THE EBS Building Society is to pay its savers more interest and to cut the cost of mortgages in a move likely to increase competition in the market.
Small savers with passbooks will get an extra half of a percentage point in interest payments, while the cost of a mortgage will fall by 11p per month for every £1,000 borrowed.
The increases for savers come at a time when the return available on small savings is very low. Most banks and building societies are offering rates of between 0.25 and 0.50 per cent on demand accounts of £1,000 to £5,000.
From March 1st the EBS will pay interest of 1 per cent on demand savings of £1,000 to £3,000 and 1.25 per cent for savings of £3,000 to £5,000. Annual interest on a £2,000 deposit will increase from £10 to £20.

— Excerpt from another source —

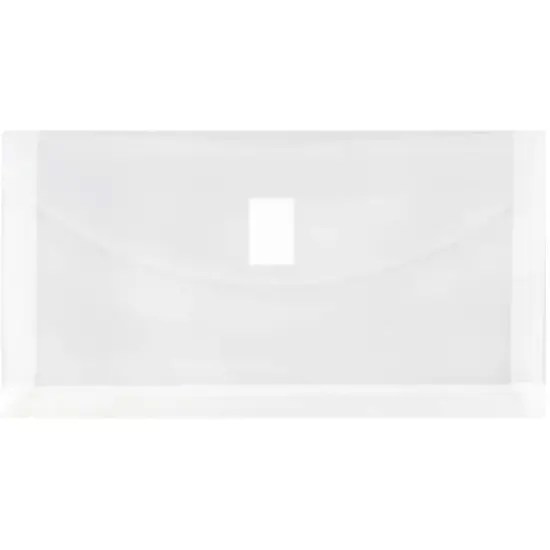 JAM Paper 5.25" x 10" Plastic #10 Hook & Loop Envelopes with 1" Expansion, 24ct. Clear {4}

About 300,000 accounts containing £400 million to £500 million will benefit. Because some customers operate a number of accounts the society was unable to say how many would benefit.

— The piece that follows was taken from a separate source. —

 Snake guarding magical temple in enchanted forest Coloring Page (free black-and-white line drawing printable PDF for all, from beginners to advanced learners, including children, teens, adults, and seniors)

But 45,000 mortgage holders will have lower monthly repayments from May 1st when EBS changes the way it calculates its interest charges. It is changing from calculating interest on an annual basis, which gives no credit for capital repayments made during the year, to a monthly basis.

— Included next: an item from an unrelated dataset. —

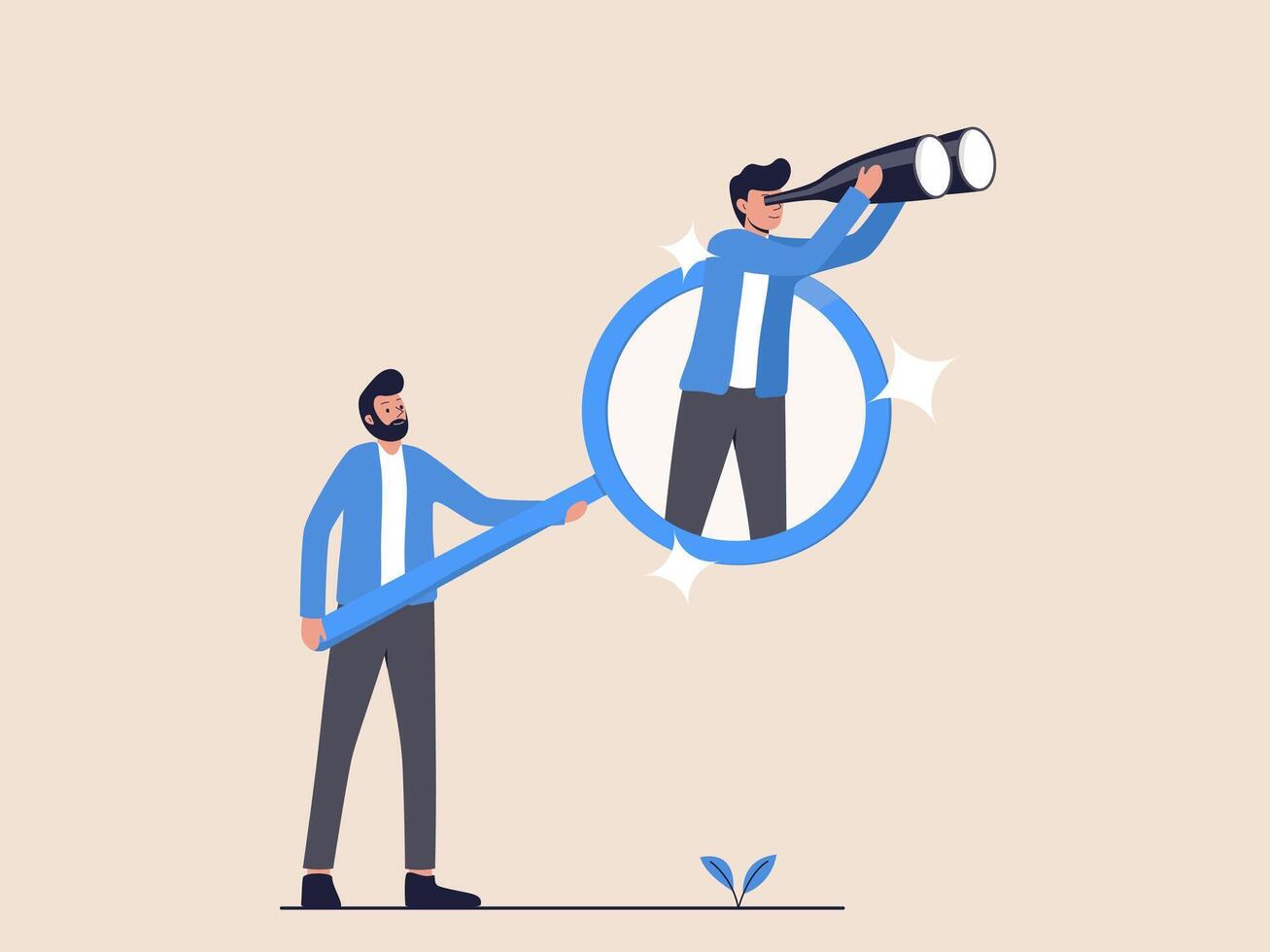 A man holds a magnifying glass, reflecting another man observing through binoculars. Illustration of search and discovery for career opportunities and new ventures. vector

This means that mortgage holders will get the benefit of repayments made each month when the interest charge on the balance of their loan is being calculated.
So their interest bills will fall because the charge will be based on a declining loan balance. A number of institutions already calculate interest on a daily or monthly basis.
Aimed at showing members the benefits of belonging to a mutual society, the move is expected to cost the EBS about £5 million this year.